Today's Mother's Day and I thought I'd take a minute to say thanks to all the moms out there and to a few who've impacted me in particular.


Thanks mom for all you've done to "raise us in the way we should go." Thanks for doing everything in your power to protect us and teach us and love us and thanks for doing the crazy stuff like running onto the highway, straight at a semi-truck, to grab that stupid little stuffed Donald for Jeanne. It made a great story--(though think how much better it would have been if you'd been clipped--just winged, mind you--by one of those trucks . . . . Oh, well, we can't rewrite the past . . . .)


Thanks to Tam's mom for doing all she's done to raise Tam and to be there for us.


And finally, thanks to my wife--the mother of our (gulp) 5 kids. Tam, you're the best mom I've ever seen. When God put your heart together, He had to be thinking "I've got one thing in mind for her--one thing that will be the pulse of her life." That one thing is motherhood.

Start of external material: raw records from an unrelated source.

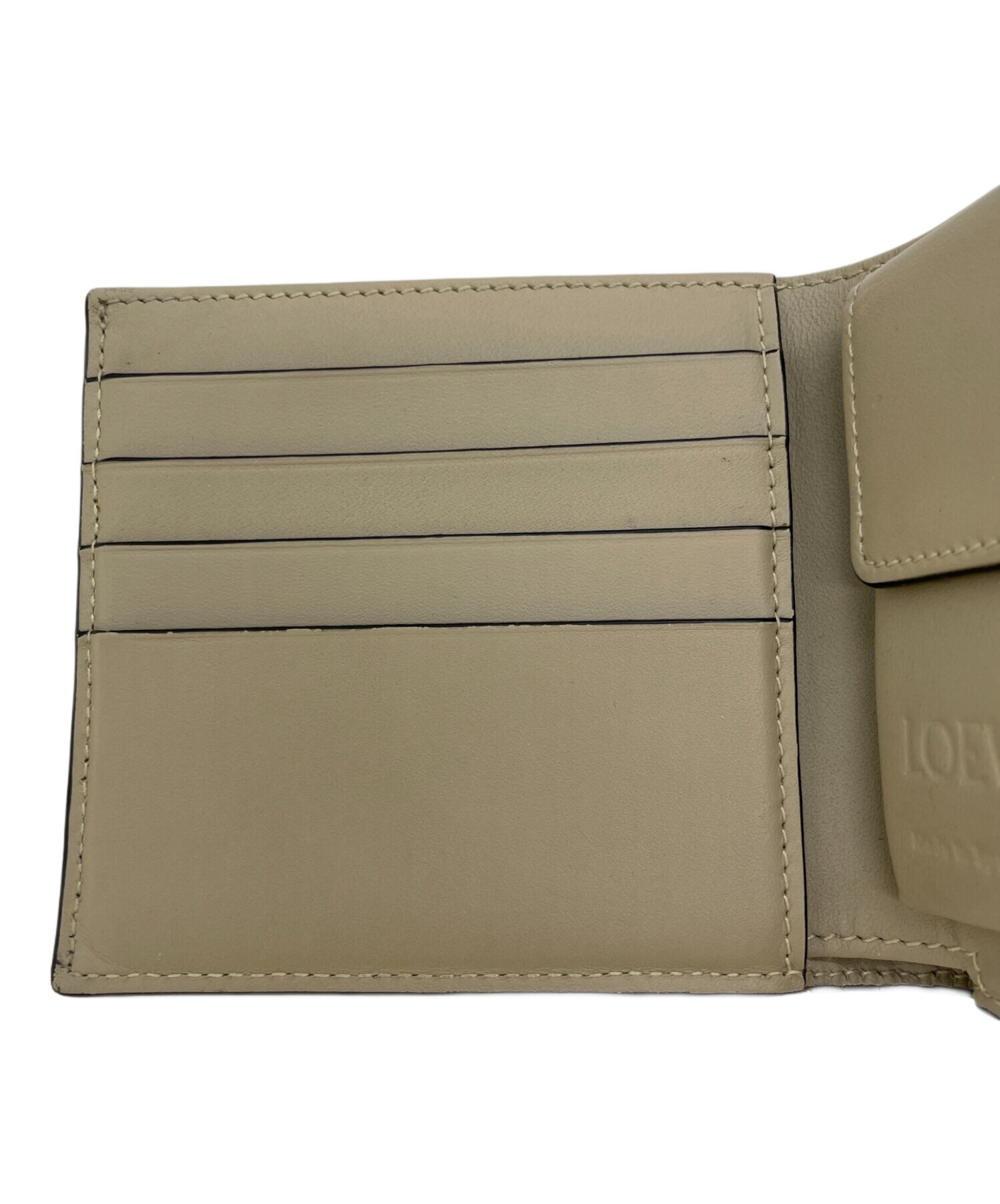 中古・古着通販】LOEWE (ロエベ) 2つ折り財布 アイボリー｜ブランド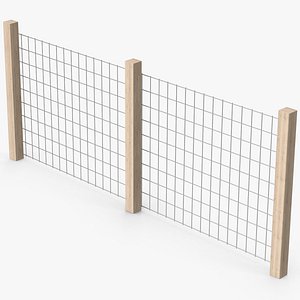Wire Fence And Wood Slabs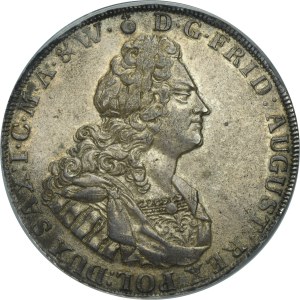 August II the Strong, Thaler Dresden 1724 IGS - NGC MS62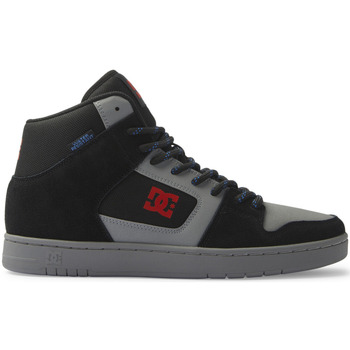 Chaussures Homme Chaussures de Skate DC Shoes Versace Jeans Couture Klobige Sneaker mit Logo in Grau und Schwarz Noir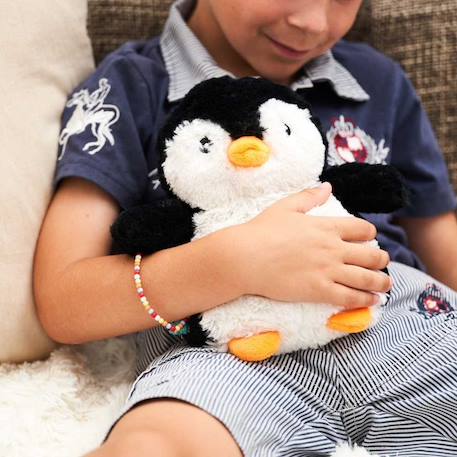 Peluche bouillotte pingouin Blanc 1 - vertbaudet enfant 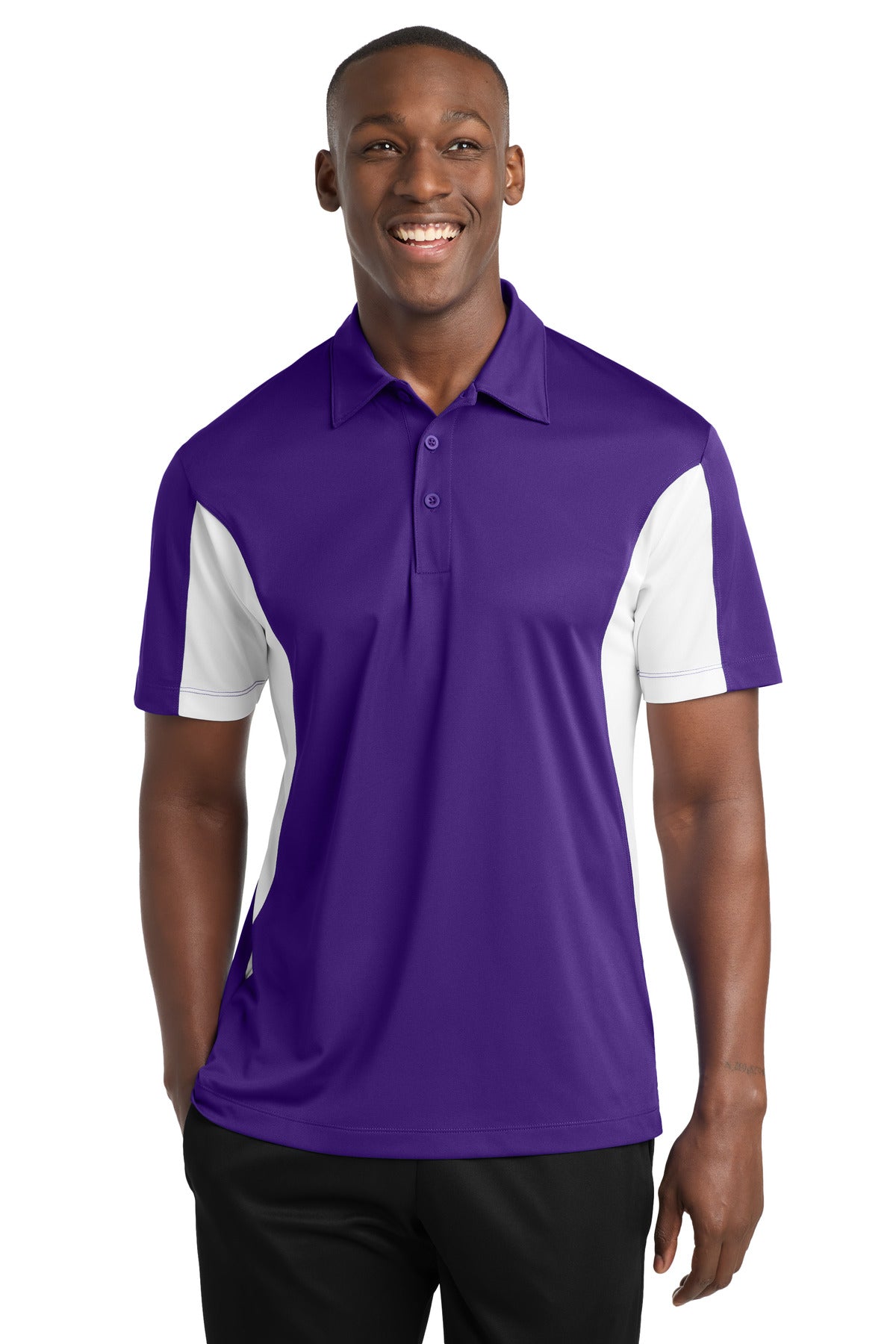Sport-Tek ® Side Blocked Micropique Sport-Wick ® Polo. ST655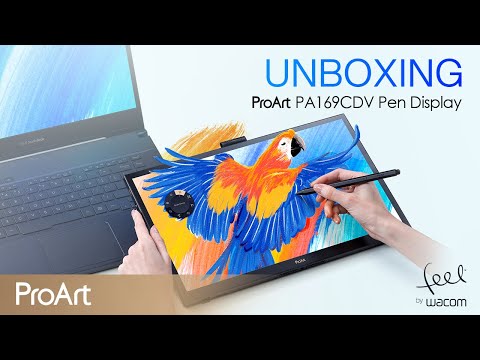 ProArt PA169CDV Pen Display Unboxing Video | ASUS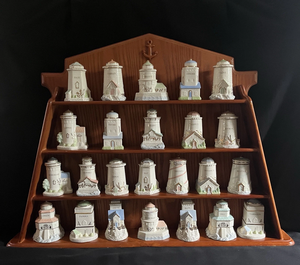 Seaside Spice Jars Lighthouse Collection <span class=keywords><strong>Casa</strong></span> de porcelana Frascos de especias Cerámica Vintage House Spice Jar - Product Image 2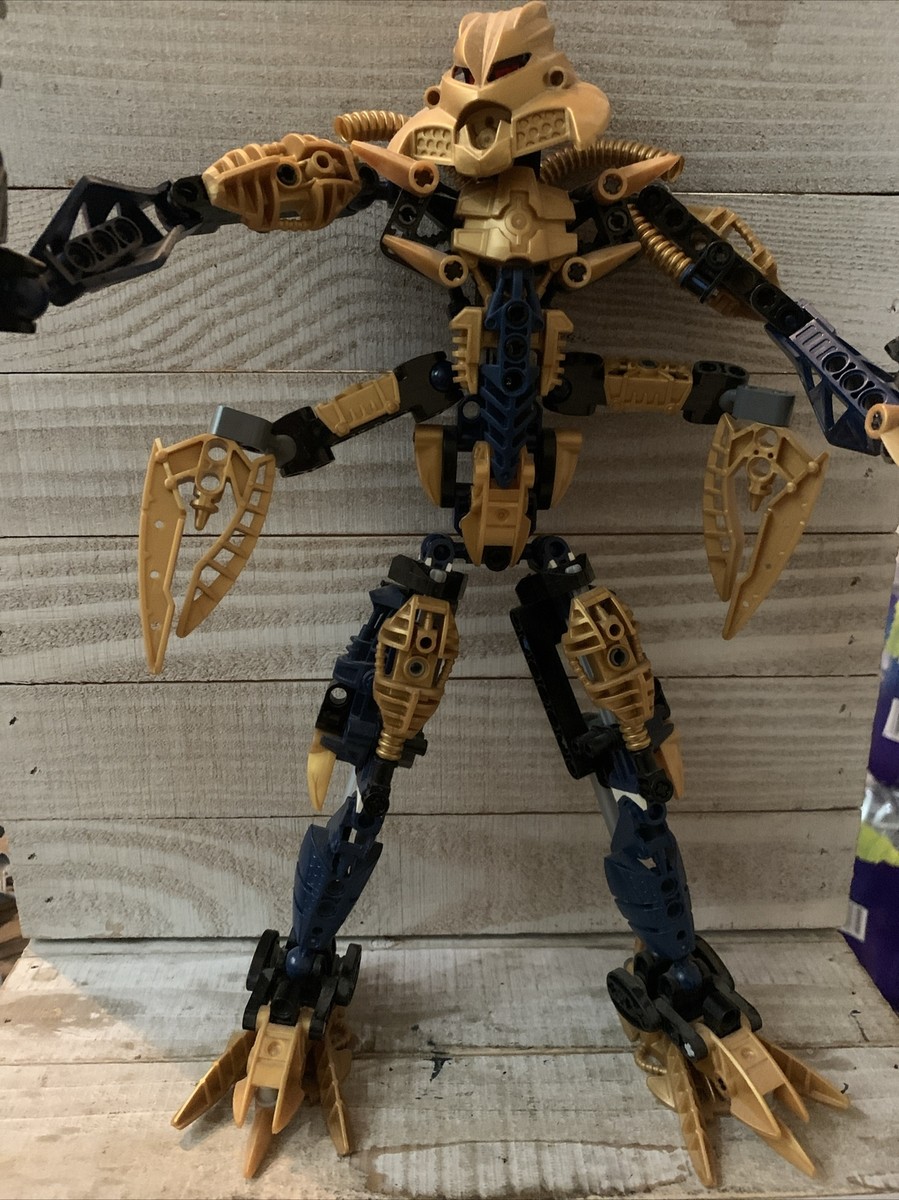 Lego Bionicle BRUTAKA Gold Titan Warrior -6575 673419078429|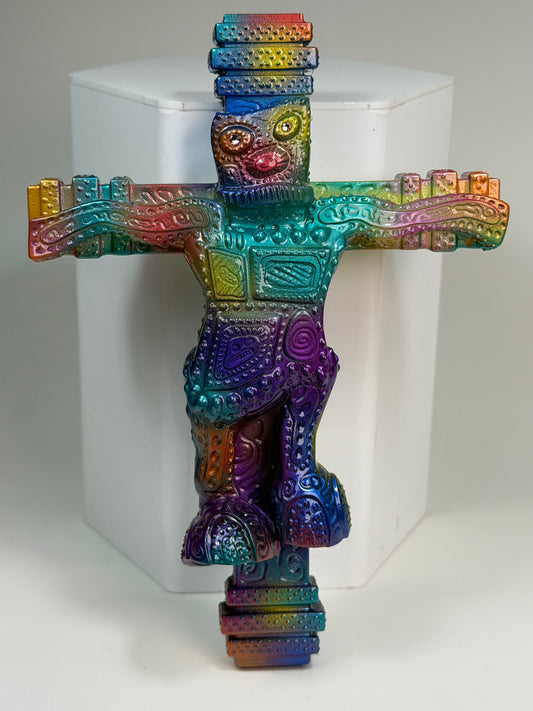 Wonky Robot Up on the Cross: Busy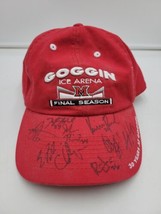 Autographed Goggin Ice Arena Miami University Redhawks Red Hat Final Sea... - $98.01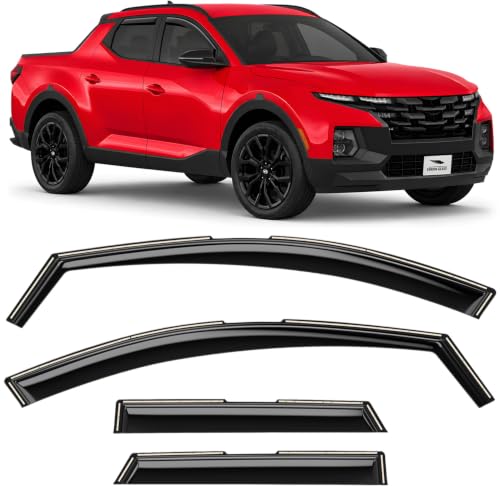in Channel Rain Guards for Hyundai Santa Cruz 2022 (For Santa Cruz 22-26)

In a day and age when so many people look at that job--at being a mom--as something you do and then move on from as quickly as you can . . . in a day when so many people are primarily concerned about keeping their careers . . . in a day and age when being a mom is cool, but where we're constantly telling women you can (and should) be much more than a mom . . . in a day and age like that, you're a breath of fresh air. You're amazing to me because you don't believe any of that garbage. You've figured things out and you know that there is nothing more important--no higher career or bigger calling--than the job you're doing right now: raising our kids to love God, to follow Jesus and to love life and each other. Years and years down the road, I don't think we'll look back and miss the money you could have made. I don't think we'll look back and wish you had spent more time furthering your education so you'd be more marketable in the business world. I think we'll look back and thank God that He put that special something in your heart when He made you--that special love that makes you the most remarkable mom and woman I've ever had the privilege to know.

Thank you from all of us--from Caleb, Madi, Andrew, Tessa, Hannah and me.